Thursday, March 12 – Camden County
“Damn the torpedoes! Full speed ahead! – Admiral David Farragut and Battle of Mobile Bay, August 5, 1864”
Camden County College, Connector Building, Room 101, 200 College Drive, Blackwood, NJ 08012 -- 7:15 p.m. -- Presented by the Old Baldy Civil War Roundtable.
In the spring of 1864, the Southern heartland was still intact from the Shenandoah Valley to the red clay hills of Georgia. Richmond, Atlanta, and the seaport cities of Mobile, Charleston, and Wilmington were thriving despite the Union naval blockade. The effects of the Anaconda Strategy were felt but the impact was more an inconvenience than true suffering. West of the Mississippi the situation was very much the same except for New Orleans and a few Union garrisons on the coast. In the North the high hopes that followed victories at Vicksburg and Gettysburg were turning into despair. The Northern electorate blamed President Lincoln for mismanagement of the war and the November elections were looming. If the Confederates could deny the North a major military victory and hold out until the elections, it was a real possibility the South could win the war through a negotiated peace.
Just how much did the Battle of Mobile Bay affect the national stage at this critical time? Some argue the victory helped Lincoln’s campaign win the presidency while others claim the closure of the port of Mobile hastened the economic defeat of the South and had little actual impact on the election. This presentation will set the scene, discuss major players, critique the strategy and tactics and debate the battle’s impact.

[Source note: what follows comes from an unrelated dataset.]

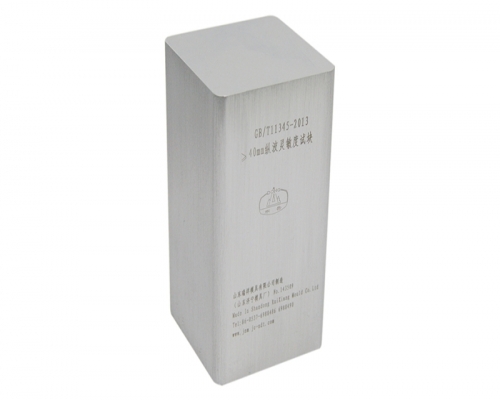 Longitudinal wave sensitivity test block - test block - flaw detection test block - ultrasonic test block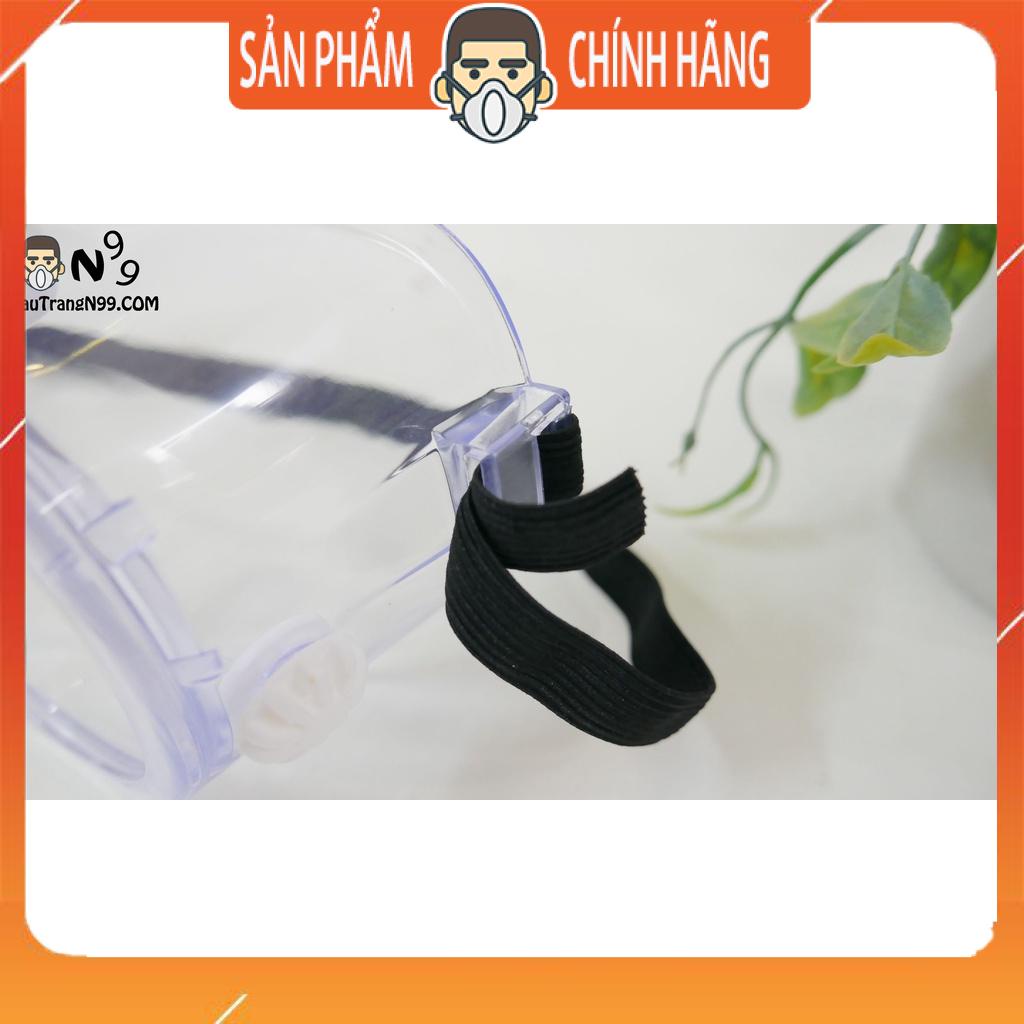 Kính bảo hộ 3M 334 chống bụi, UV, hóa chất, chống bọt bắn, chống động sương, chống chầy cao cấp #SF401AF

Independent historian Paul Prentiss is a retired Navy Captain and Chief Scientist for a national science and technology company. The Massachusetts native graduated from the University of Michigan Physics program and Naval War College in Newport, Rhode Island. While serving in the Navy he was able to visit many worldwide historic sites and tread the ground where extraordinary events unfolded. Paul and his wife Susan live in nearby Marlton, NJ. He is a volunteer STEM mentor, trustee for the Old Baldy Civil War Roundtable of Philadelphia and active member of the Coastal Defense Study Group. His distant cousin, LT Roderick Prentiss, participated in the Battle of Mobile Bay as Executive Officer aboard the USS Monongahela where he was struck by flying splinters caused by cannon fire from Fort Morgan and subsequently died of his wounds.